Durante la esclavitud de
Israel en Egipto, Dios «se acordó de su alianza con Abraham, Isaac y Jacob» (Éx
2, 24); este es el respaldo cierto con el que cuenta el pueblo elegido en su
historia: «Yo me acordaré de mi alianza con Jacob, Isaac y Abraham» (Lev 26,
42). También el hombre debe acordarse de Dios. La súplica del creyente ha de
ser como la de Sansón: «Señor, acuérdate de mí y devuélveme la fuerza por esta
sola vez» (Jc 16, 28). «Acuérdate, Señor, de tu compasión y de tu amor, porque
son eternos» (Sal 24, 6) es una certeza que inspira la alabanza y la acción de
gracias «al que en nuestra humillación se acordó de nosotros, porque es eterno
su amor» (Sal 135, 23). Se aspira a que esa memoria que caracteriza a la fe de
Israel, se extienda al mundo entero. «Todos los confines de la tierra se
acordarán y volverán al Señor» (Sal 21, 28).
Los profetas han sostenido esa memoria. Refiriéndose a los cautivos en
Babilonia, dice Jeremías: «¡Acuérdate del Señor desde lejos y piensa en
Jerusalén!» (Jer 51, 50); y Ezequiel apuntando la expectación divina respecto
del «resto» de Israel: «Los sobrevivientes se acordarán de mí en medio de las
naciones donde hayan sido deportados» (Ez 6, 9). El judío ha de ser un hombre
de memoria; debe recordar sus pasadas rebeldías: «Acuérdate de esto, no lo
olvides» (Dt 9, 7), y concretar su recuerdo de Dios en el culto: «Acuérdate del
día sábado para santificarlo» (Éx 20, 8).
La memoria cristiana se
concentra en Jesucristo y en su enseñanza, por la gracia del Espíritu Santo,
tal como lo anunció el mismo Jesús en la Última Cena con sus discípulos: «El
Paráclito, el Espíritu Santo que el Padre enviará en mi Nombre, les enseñará
todo y les recordará -hypomnēsei - lo que yo les he dicho» (Jn 14, 26). La
exhortación a conservar la memoria está expresada plenamente en las palabras
del Apóstol San Pablo a Timoteo: «Acuérdate -mnemóneue- de Jesucristo
resucitado de entre los muertos, de la estirpe de David»; esa es la síntesis de
la predicación evangélica (2 Tim 2, 8).
El hombre cristiano, el Adam
recreado en Cristo, vive de Él, presente en la memoria eclesial; esa memoria no
es un simple recuerdo, sino realidad viva.

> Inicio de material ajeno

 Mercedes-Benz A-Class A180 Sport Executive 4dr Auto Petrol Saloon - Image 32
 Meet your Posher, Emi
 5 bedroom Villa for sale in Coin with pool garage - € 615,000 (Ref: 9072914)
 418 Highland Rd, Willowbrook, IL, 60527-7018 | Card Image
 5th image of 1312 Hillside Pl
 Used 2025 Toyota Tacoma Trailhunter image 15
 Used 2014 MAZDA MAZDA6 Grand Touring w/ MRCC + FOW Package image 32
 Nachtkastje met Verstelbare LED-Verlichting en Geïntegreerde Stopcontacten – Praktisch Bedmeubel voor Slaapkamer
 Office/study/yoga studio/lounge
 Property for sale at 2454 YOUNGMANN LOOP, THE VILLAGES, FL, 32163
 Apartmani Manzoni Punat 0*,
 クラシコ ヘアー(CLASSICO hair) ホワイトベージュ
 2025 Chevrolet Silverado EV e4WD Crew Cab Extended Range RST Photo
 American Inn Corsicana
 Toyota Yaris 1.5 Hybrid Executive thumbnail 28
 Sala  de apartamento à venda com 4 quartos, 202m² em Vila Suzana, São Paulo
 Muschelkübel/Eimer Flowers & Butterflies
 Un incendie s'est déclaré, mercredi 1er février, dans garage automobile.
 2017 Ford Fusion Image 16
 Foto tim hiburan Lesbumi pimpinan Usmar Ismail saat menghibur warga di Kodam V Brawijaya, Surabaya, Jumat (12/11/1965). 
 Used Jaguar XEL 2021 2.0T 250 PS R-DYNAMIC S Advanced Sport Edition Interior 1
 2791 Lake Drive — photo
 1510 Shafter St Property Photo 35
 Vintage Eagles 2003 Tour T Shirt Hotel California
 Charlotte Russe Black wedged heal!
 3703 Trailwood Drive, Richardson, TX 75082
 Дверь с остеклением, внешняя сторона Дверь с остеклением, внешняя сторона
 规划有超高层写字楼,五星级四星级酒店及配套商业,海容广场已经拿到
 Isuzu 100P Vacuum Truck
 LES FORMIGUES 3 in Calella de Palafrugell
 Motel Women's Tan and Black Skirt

Los hechos de la vida de Cristo,
especialmente su pasión, muerte, descenso al lugar de los muertos, resurrección
y ascensión, mediante los cuales obró la salvación del hombre y la recreación
del mundo, y que fueron visibles para sus contemporáneos y recogidos con amor
por sus discípulos, se actualizan en el culto sacramental de la Iglesia,
principalmente en la Santísima Eucaristía. Lo expresó San León Magno en una
fórmula admirable: Quod Redemptoris nostri conspicuum fuit, in sacramenta
transivit.
Todos los pueblos tienen una
memoria histórica, concretada en la relación de acontecimientos principales que
se recogen y escriben para ilustrarla. No es infrecuente la necesidad de
revisarla con objetividad científica, sobre todo cuando con el tiempo se hace
evidente que ha sido impuesta oficialmente con designios ideológicos, o
intereses políticos que la han tergiversado. La mala memoria cuenta muchas
veces con la indiferencia o complicidad de multitudes, que han sido modeladas
por la propaganda o por itinerarios educativos duraderos, que los han
convencido de la verdad de esos relatos.
La Iglesia puede ser
afectada por tales procesos; se comprende, porque ella se encarna en la vida de
los pueblos. Me limito a un solo ejemplo, que se ubica en relación con el
objeto principal de esta nota. El 7 de Octubre de 1571 se libró en el mar
Jónico la batalla de Lepanto, que enfrentó a las naciones cristianas con el
Imperio Otomano, dispuesto a conquistar Europa; la Santa Liga -España, Venecia
y los Estados Pontificios- comandada por Don Juan de Austria, logró la victoria
que salvó a la civilización cristiana. La dimensión teológica de ese combate
estuvo claramente expresada en el empeño del Papa San Pío V, que exhortó a
invocar la protección de la Madre del Señor mediante el rezo del rosario; de
allí que el 7 de Octubre entró en la liturgia católica para honrar a Nuestra
Señora del Rosario, o de la Victoria. Gracias a ese acontecimiento
providencial, se conservó en Europa la fe que España pudo llevar al Nuevo
Mundo.
En la actualidad, esta gesta
es amenazada por la mala memoria que procede de un pacifismo estólido y de una
especie de «buenismo» derrotista, cuando nuevamente el Islam se ha hecho
presente con fuerza en Occidente, para ocupar el lugar que deja vacante la
decadencia de la Iglesia, y la apostasía de las naciones que fueron cristianas.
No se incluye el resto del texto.